Cheap tyre imports pose threat to domestic tyre mkt: AITDF
New Delhi, May 2 (UNI) Rupee appreciation in the last eight weeks and a five per cent cut in the custom duty in this year's Budget has affected the domestic tyre producers largely with tyre imports getting cheaper by four to five per cent during March-April.
''The six to seven per cent appreciation in Indian Rupee against the US dollar in March-April'07) has come as a shot in arm to the domestic tyre market. Also, the cut in custom duty in the Union Budget impacted the tyre market leading to a reduction of Rs 650-Rs 800 in the import bill on tyres,'' All India Tyre Dealers Federation (AITDF) said here today.

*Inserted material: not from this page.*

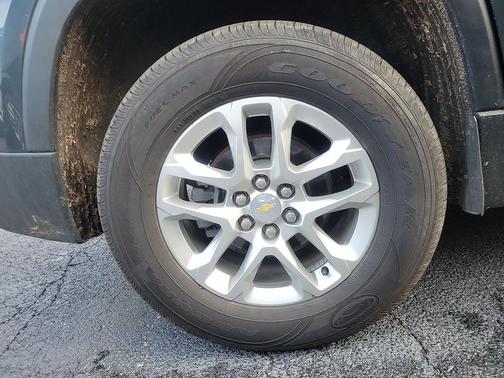 2020 Chevrolet Traverse LT Cloth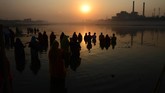 Chhath Puja adalah sebuah festival yang didedikasikan kepada Dewa Matahari dan istrinya Dewi Usha. (Photo by SAM PANTHAKY / AF / AFP)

Last year, the average monthly import of radial truck and bus tyres was a meager 15,000 units which has increased to a whopping 45,000 tyres per month this year.
This has, in addition to an increase in the supply of such tyres, also lead to the reduction in the selling price of the pair of truck and bus tyre from Rs 21,500 to Rs 20,700.
The imported truck radial today captures 75 per cent of the Indian market as against 25 per cent share enjoyed by the domestic tyre makers.
''After several years, there seem to be some indications of loosening in of oligopolistic stranglehold of domestic tyre majors,''AITDF added.
''The government should take urgent practical measure in instantaneously removing 16 per cent countervailing duty (CVD) on import of truck/bus radial tyres. This will also help to contain the inflation because tyres constitute 35 per cent of the operating cost of a truck operator,'' said the AITDF.